We’ve also seen the decline in producing agent count shrink every quarter. So the pace of decline is going down, which is a sign that we are at or near the bottom and we would expect producing agent count to turn up. Now all of that is important and necessary and a good leading indicator. But I would tell you that the most important thing is the productivity of the agents and you’ve seen us demonstrate continued increases in that productivity. While we always need new agents and it’s important that we bring in new agents and we get them producing, the most important thing is the productivity and that’s continued to trend very positively for quite some time. Zach, did that answer your question?
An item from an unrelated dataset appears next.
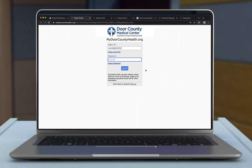After clicking on the hyperlink within your email, you will be directed to the logon screen. Here you will enter in your temporary logon ID and password. Once you have this typed in, go ahead and click logon.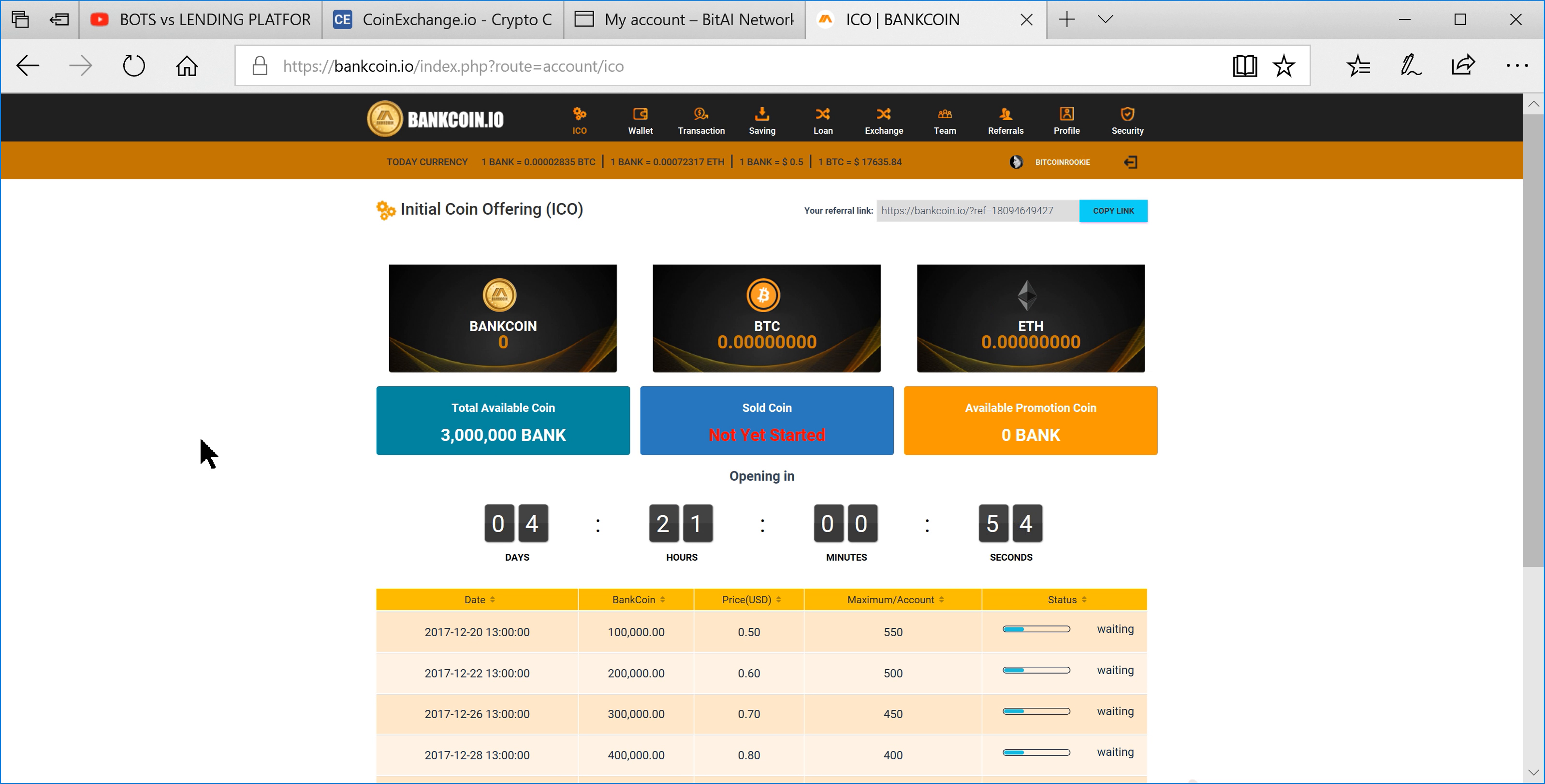We have Bank Coin over here coming up in about four days - actually five days, four days and 21 hours. So you still got some time to get in here and check this one out. This one I think is going to be pretty awesome.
Zach Byer: Yeah. That did. Thank you. I guess my second question is just around expenses. So you took some action in 4Q, but how are you thinking about the level of expenses going forward and should we expect them to decline forward to the statements that you’ve taken just offset pressures from inflation and natural growth in the cost base?
Paul McDonough: Hi Zach, it’s Paul. So again, we’ll provide more perspective and the outlook at Investor Day, but I’d offer a couple of comments. Number one, the expenses in the quarter and the fourth quarter particularly not allocated to products were a bit below our annualized run rate, but I’d say the full year 2022 expenses were in line with our expectations. Going forward as we continue to grow the business, I think you should expect some growth in expenses, but we will continue to try to strike the right balance between being as efficient as we possibly can be, while also investing in growth in the business. I think the action that we took in the fourth quarter is proved to the point that, we try to re-hard to be as efficient as possible.
Operator: Thank you. We have our next question comes from Mark Dwelle from RBC. Mark, your line is now open.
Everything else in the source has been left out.